Back to the Guardian:
Leone had to learn Hindi for the film but didn't have to dig too deep to research her character: she plays a porn actor who is tasked by the intelligence agencies with luring in a deadly assassin with her charms.
The film is due to open this weekend at 1,300 screens with the equivalent of an 18 certificate. But is India ready? Manish Dubey, editor at the Bollywood channel UTV Stars, thinks so. "The days of a bikini providing titillation are gone. We are now moving towards bold acts which include love making scenes, going semi-nude and bold dialogues," he said, adding: "Nothing can be deemed 'shocking' for today's audience."

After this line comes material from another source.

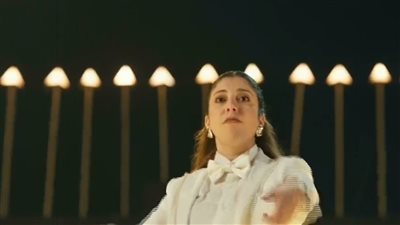 أول تعليق من دنيا أكرم دغيدي قائدة أوركسترا الفقرة الأولى بحفل المتحف المصري الكبير| خاص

Hmmmm, I am not sure whether this is particularly a good development.  Semi-nudity here in the US, for instance, is pretty much a boring pedestrian sight on hot summer days.  Public displays of affection don't even make us pause to look.  So, unless it is full frontal nudity, there is nothing to write home about.  But, in India, I would think that such depictions will be far removed from everyday life.  But then, in everyday life people don't go around singing and dancing and running from tree to tree either.  Oh well; not my problem!

So, will the new film with a porn actress break any new ground?
But does Jism 2 really offer anything new? It doesn't break any cinematic new ground, said Dubey – it has just capitalised on its unique selling point: having a porn star lead. "The bottom line is that flesh display in the film will be the same [as in other films] but the 'expectation' of getting more flesh would be high with the result that it might benefit them at the box office."
Aha, the good ol' bait and switch, it seems like--draw more attention by talking about sex and a porn actress in order to sell more tickets.  Hey, PT Barnum, you were right, yet again!

The WSJ notes that Ekta Kapoor's father was a movie star in his days--Jeetendra.  As Johnny Carson often quipped, "I did not know that!"